モトリーフール米国本社、2019年9月19日投稿記事より

ラスベガス・サンズ(NYSE:LVS)は主要カジノ企業で、これまでは成長株として見られてきました。

同社はラスベガスで最大かつ最も利益率が高いカジノの一つであり、世界最大のカジノ市場であるマカオで最大のシェアを有し、そしてシンガポールでも収益性の高いカジノを運営しています。

近年、同社はマカオ、シンガポールでの成長の恩恵を享受してきました。

キャッシュフロー創出力を重視

ラスベガス・サンズは現在、成長株として見るべきではないかもしれません。

むしろ、そのキャッシュフロー創出力を重視すべきでしょう。

数十億ドルの費用をかけリゾート施設の建設がいったん完了すれば、カジノ、ホテル、ショップに至る全ての施設がキャッシュを生み出します。

この結果、ラスベガス・サンズは年間50億ドル超のEBITDA(支払い利息・税金・償却控除前利益、キャッシュフローに相当)を創出できるようになっています。

下のチャートで分かるように、過去5年間、EBITDAは30億ドル超で安定的に推移していて、直近では54億ドルに達しています。

ラスベガス・サンズの配当総額(青)とEBITDA(オレンジ)の推移(12カ月ベース、単位:10億ドル、配当総額は支払いなのでマイナス表記)

出典:YCHARTS。2019年9月19日時点

当面、ラスベガス・サンズにとって投資すべき新規地域がないため、キャッシュフローの大半は配当に回っており、現在の年間配当額は3.08ドル、配当利回りは5.3%に達しています。

ラスベガス・サンズは優れた配当株と考えられるでしょう。

キャッシュフローストーリーが崩れる可能性

しかし、投資家のとってのリスクは、ラスベガス・サンズのキャッシュフローが長期的に持続可能ではないかもしれないことです。

最も大きなリスクは、マカオのカジノ市場がふたたび不振に陥ることで、もし10年前の金融危機の時と同様に中国政府がマカオへの資金流入を抑え込んだ場合、1、2年で市場規模が半減する可能性があります。

ただし、ラスベガス・サンズは、10年前に比べるとそういったマカオなどでのショックなどを吸収出来る態勢になっています。

2008年に金融危機が発生した際、同社はマカオでの事業を完全に立ち上げておらず、シンガポールではマリーナ・ベイサンズを建設中だったため、キャッシュフローの純流出に見舞われました。

今日、負債総額は金融危機当時よりも増えましたが、キャッシュフローが急増しています。

この結果、同社のEBITDA有利子負債倍率は現在約2.2倍で、比較的保守的な財務体質を維持しています。

ラスベガス・サンズのEBITDA有利子負債倍率(青、12カ月ベース、単位:倍)と負債残高(オレンジ、四半期ベース、単位:10億ドル)の推移

出典:YCHARTS。2019年9月19日時点

カジノ関連株は他の多くの投資よりも全般的にリスクが高いとみられています。

しかし、ラスベガス・サンズについては、数年前に破産の懸念が高まった時に比べるとはるかに良い状態にあるでしょう。

日本での大きな成長機会

ラスベガス・サンズは成長株ではなく配当株であると前述しましたが、同社が成長株に復帰する可能性があります。
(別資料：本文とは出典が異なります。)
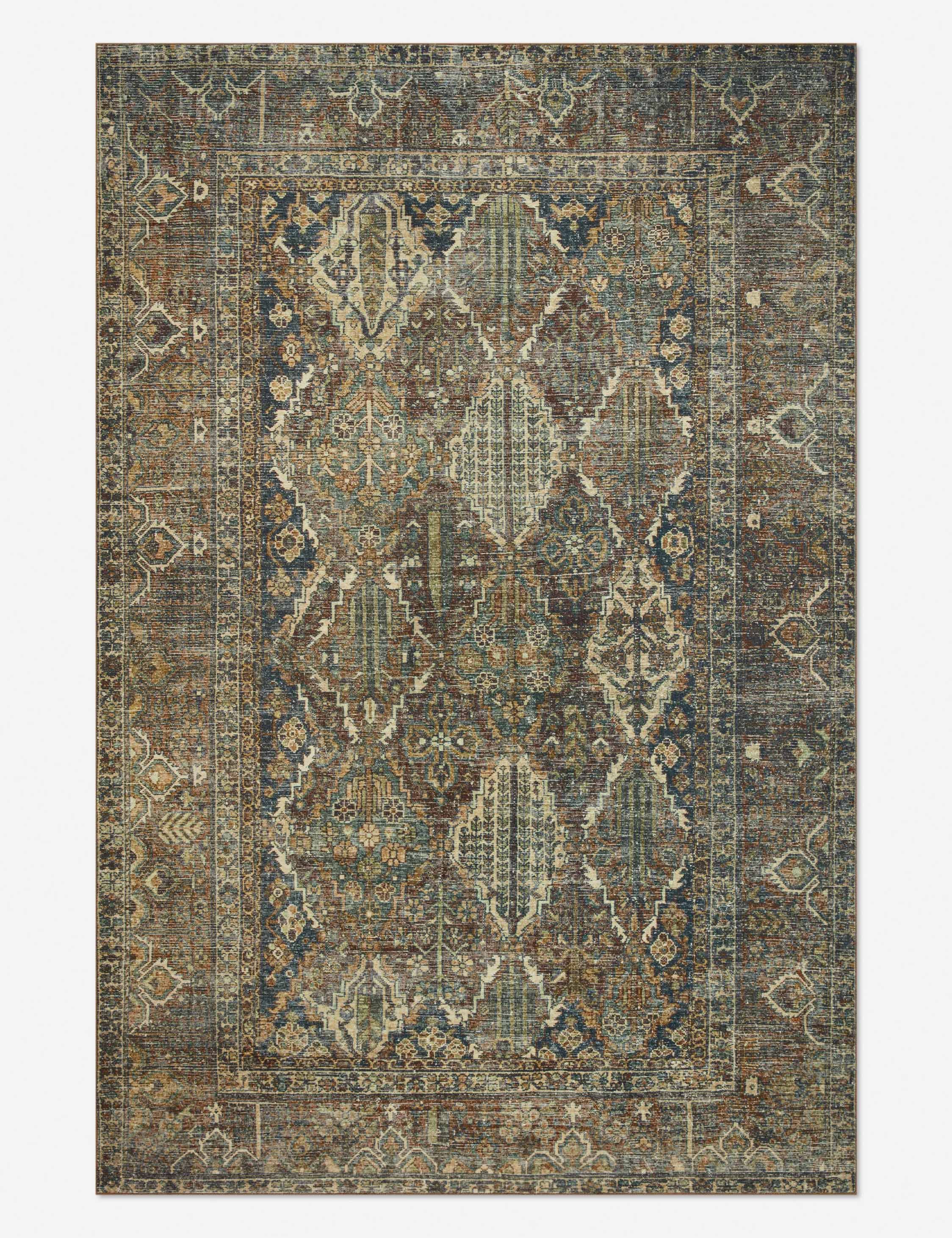 Vintage Spice & Blue Washable Accent Rug - 2'3" x 3'9"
それは、日本でのカジノライセンスを取得した場合です。

同社は現在、カジノを中核とした統合型リゾート(IR)建設入札で東京と横浜に焦点を絞っています。

施設建設には100億ドル規模のコストがかかりますが、世界でも最も利益率の高いリゾートになると見られるため、同社はリスクを取る価値があると考えています。

【米国株動向】ラスベガス・サンズ、日本のカジノ市場に照準

(訳注:日本ではIR誘致競争が活発化しており、東京はお台場を中心とした臨海副都心、横浜は山下ふ頭、大阪は夢洲(ゆめしま)を候補地としています。なお、ラスベガス・サンズは当初大阪に注目していましたが、東京および横浜に方向転換しました。大阪については8月下旬、競合のMGMリゾーツが大阪IRへのコミットメントを再確認しています。)

結論

仮にラスベガス・サンズが日本でカジノ市場に参入できたとしても、施設が完成しキャッシュフローを生み出すまでには5年以上かかるとみられます。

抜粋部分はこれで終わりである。